You will spend time asking for donations. You will spend time asking for endorsements. You will spend time asking for volunteers. And you will spend time asking for votes.
If you don’t have the time to be successful, you shouldn’t run for office.
You don’t have enough money.
You may wish that money didn’t influence politics but the reality is that it does.
To start, you will need to pay a qualifying fee to even put your name on the ballot. That fee can be a little or a lot. But no matter the amount of the qualifying fee, that is the tip of the iceberg.
Campaigns are expensive.
The smallest D.I.Y campaigns will need yard signs. Bigger, more professional campaigns need digital advertising, radio, a phone program and more. The sky’s the limit!
Even campaigns that rely heavily on volunteers will need to pay a volunteer manager.
Before you run for office, you need to spell out exactly who will give to your campaign and how much they can give. This is called donor mapping.
Download our FREE Donor Mapping spreadsheet (Excel .xlsc)
Planning to self-fund your campaign? Well, you’re not off the hook. You still need a comprehensive budget.
If you don’t have a detailed plan on how to pay for your campaign, you shouldn’t run for office.
You are not qualified for the position
Some offices have clear requirements.
To be a member of Congress you must be at least 25 years old, have been a U.S. citizen for at least seven years and live in the state you represent. (You don’t have to live in the same district but it helps).
Check to make sure you meet the requirements before you get too invested in an elected office.
But there’s even more to consider for some jobs. Some elected offices need a specific skill set.
If you run for District Attorney, Sheriff or Coroner, be sure you have the skills required to do the job.
Same goes for dog catcher.
If you aren’t qualified for the job you’re seeking, you shouldn’t run for office.
Your family doesn’t support the idea
Don’t take this one for granted. Have a heart-to-heart to make sure there are no misunderstandings.
Running for office will create stress with your family in the best cases. Actually winning office will change many aspects of your life.
You should have a direct conversation with your family to be sure everyone will support you. Few things can ruin a campaign faster than a spouse or partner who sours on your dream midstream.
Be honest with yourself and be honest with your family. If your family isn’t all-in, you shouldn’t run for office.
Your employer doesn’t support the idea
You may be lucky enough to run for an office that is professional and offers full-time pay. But before you get to that new elected position, you will need to take time off from work. Or, even more likely, the office you’re running for is part time.
In all but a few situations, you will need a day job that is flexible enough to allow you to pursue your dream. You will need to be fully committed to your campaign and to the elected office, if you’re lucky enough to win.

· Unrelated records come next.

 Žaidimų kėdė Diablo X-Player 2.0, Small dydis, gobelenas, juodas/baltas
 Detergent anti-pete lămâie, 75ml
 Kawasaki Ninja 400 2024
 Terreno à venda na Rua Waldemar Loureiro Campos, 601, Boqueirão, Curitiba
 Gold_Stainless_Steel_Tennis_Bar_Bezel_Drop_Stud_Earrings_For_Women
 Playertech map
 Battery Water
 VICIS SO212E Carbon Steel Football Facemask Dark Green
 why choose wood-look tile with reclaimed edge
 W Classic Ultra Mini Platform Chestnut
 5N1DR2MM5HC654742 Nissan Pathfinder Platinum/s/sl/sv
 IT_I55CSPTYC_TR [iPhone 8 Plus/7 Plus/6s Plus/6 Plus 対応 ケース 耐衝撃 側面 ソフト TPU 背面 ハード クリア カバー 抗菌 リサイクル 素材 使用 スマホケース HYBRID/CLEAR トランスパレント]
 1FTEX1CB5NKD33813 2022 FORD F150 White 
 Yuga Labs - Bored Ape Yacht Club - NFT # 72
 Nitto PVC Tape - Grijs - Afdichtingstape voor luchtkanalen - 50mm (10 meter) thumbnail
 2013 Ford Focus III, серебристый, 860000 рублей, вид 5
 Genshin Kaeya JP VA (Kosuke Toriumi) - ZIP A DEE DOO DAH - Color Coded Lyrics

“No problem,” I hear some of you saying. “I run my own business.”
In that case, it’s even more important that you sort through these details. How will your business survive once you turn your attention to campaigning?
I’ve worked with very few candidates who could run for office without taking a hit on the day job. With careful planning, the impact can be temporary.
If you can’t take time away from work, you shouldn’t run for office.
The advice above is not meant to be harsh. I don’t want to crush your dreams. But I do want you to know what you’re getting into.
When you run for office, you immediately take on an enormous amount of responsibility. As soon as you launch a viable campaign, others will begin to depend on your success. It’s worth it to weigh your decision carefully.
Before you throw your hat in the ring, make sure you have the time, money, qualifications and support you need to win.
Can you think of any other reasons someone shouldn’t run for office?